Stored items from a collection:
+-------+
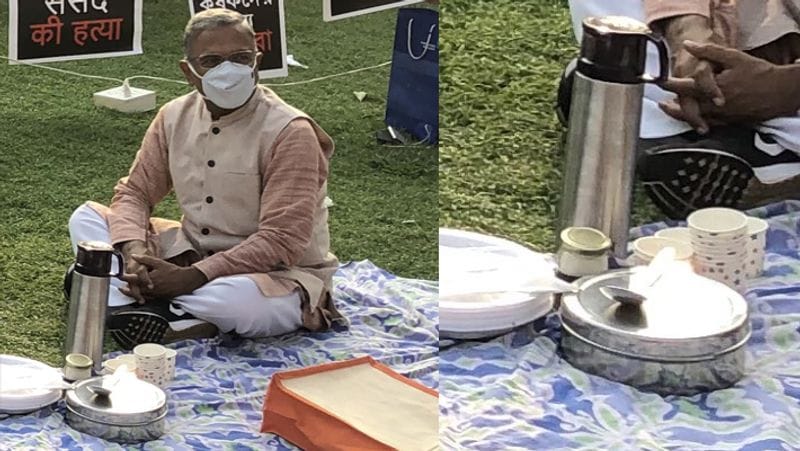 राज्यसभा के उपसभापति हरिवंश सिंह एक दिन का उपवास रखेंगे। विपक्ष के सांसदों के व्यवहार के खिलाफ उपसभापति उपवास रखेंगे।
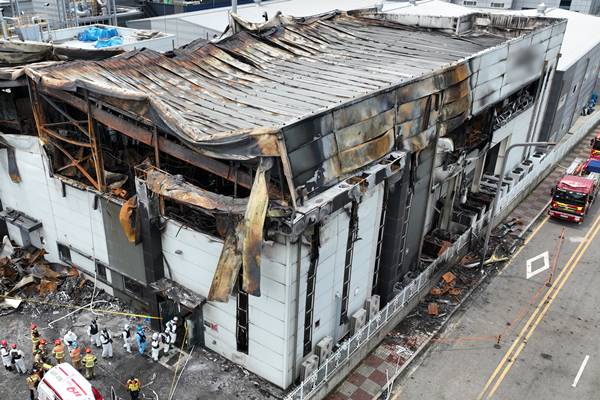 Gov’t to Inspect Battery-Related Businesses after Deadly Hwaseong Fire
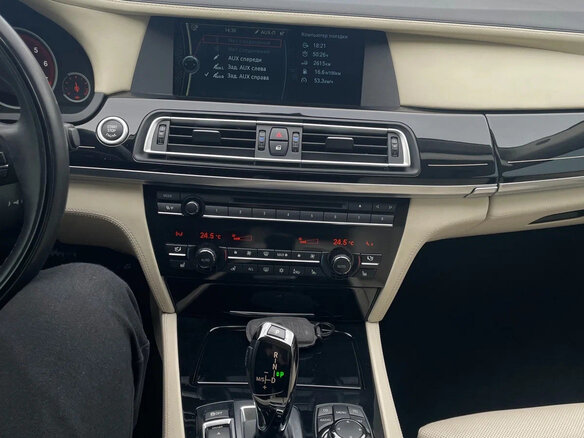 2011 BMW 7 серии 750i xDrive V (F01/F02/F04), чёрный, 2500000 рублей - вид 18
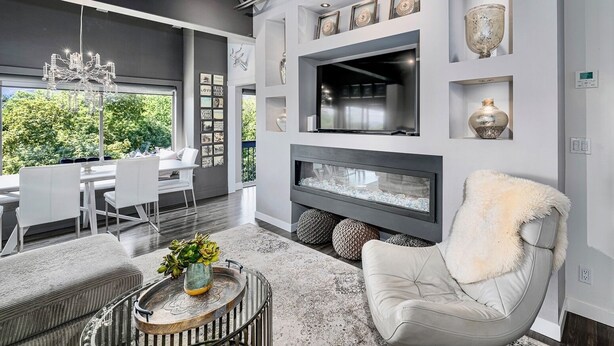 TV, fireplace, stereo - Luxury Waterfront Penthouse -Downtown Kelowna!  (Kelowna)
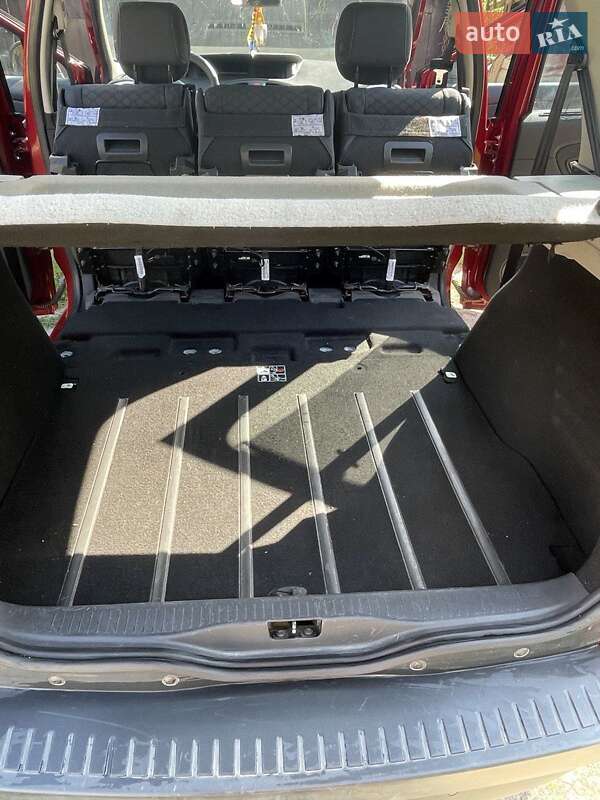 Минивэн Renault Megane Scenic 2010 в Збараже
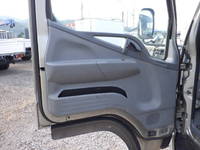 三菱ふそうキャンタークレーン3段小型（2t・3t）[写真27]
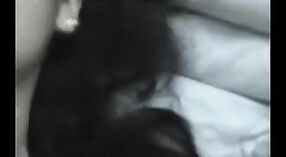 భారతీయ భార్య te త్సాహిక సెక్స్ క్లిప్: ఆమె పుస్సీని లాగడం చూడండి 6 మిన్ 00 సెకను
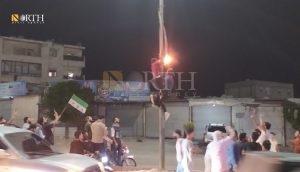 محتجون في أعزاز بريف حلب يحرقون العلم التركي عقب الاعتداءات على اللاجئين السوريين في تركيا - نورث برس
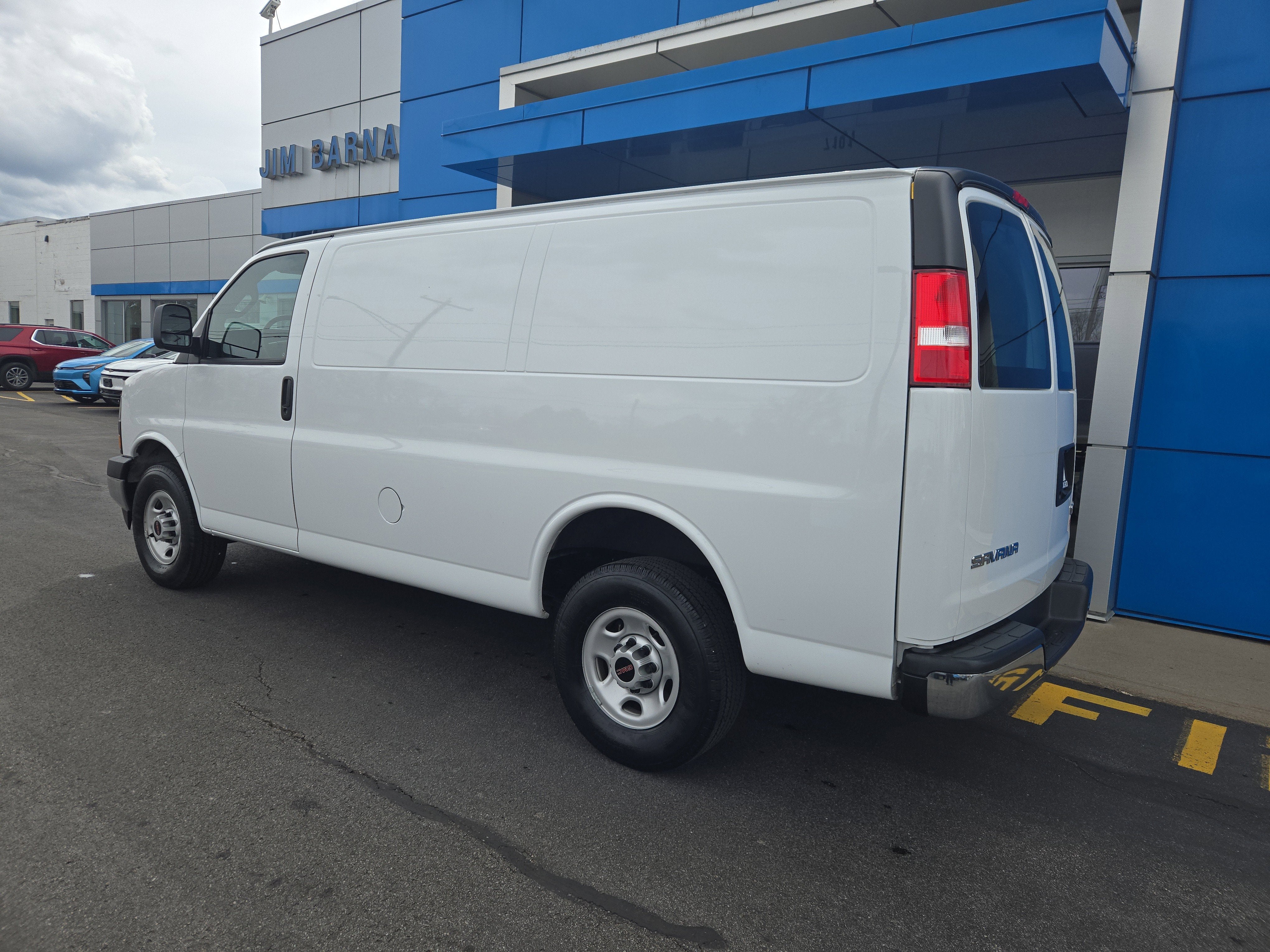 2024 GMC Savana Cargo 2500 Work Van
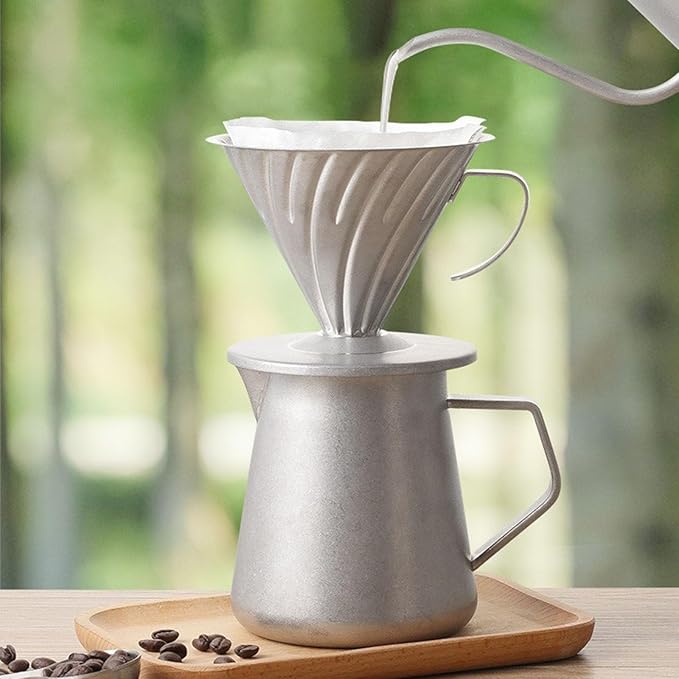 Professional Hand Drip Coffee Maker - 600ml Coffee Dripper &amp Server Perfect Brewing(Retro Color)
+-------+
Set down every entry above verbatim, without pictures.

 राज्यसभा के उपसभापति हरिवंश सिंह एक दिन का उपवास रखेंगे। विपक्ष के सांसदों के व्यवहार के खिलाफ उपसभापति उपवास रखेंगे।
 Gov’t to Inspect Battery-Related Businesses after Deadly Hwaseong Fire
 2011 BMW 7 серии 750i xDrive V (F01/F02/F04), чёрный, 2500000 рублей - вид 18
 TV, fireplace, stereo - Luxury Waterfront Penthouse -Downtown Kelowna!  (Kelowna)
 Минивэн Renault Megane Scenic 2010 в Збараже
 三菱ふそうキャンタークレーン3段小型（2t・3t）[写真27]
 భారతీయ భార్య te త్సాహిక సెక్స్ క్లిప్: ఆమె పుస్సీని లాగడం చూడండి 6 మిన్ 00 సెకను
 محتجون في أعزاز بريف حلب يحرقون العلم التركي عقب الاعتداءات على اللاجئين السوريين في تركيا - نورث برس
 2024 GMC Savana Cargo 2500 Work Van
 Professional Hand Drip Coffee Maker - 600ml Coffee Dripper &amp Server Perfect Brewing(Retro Color)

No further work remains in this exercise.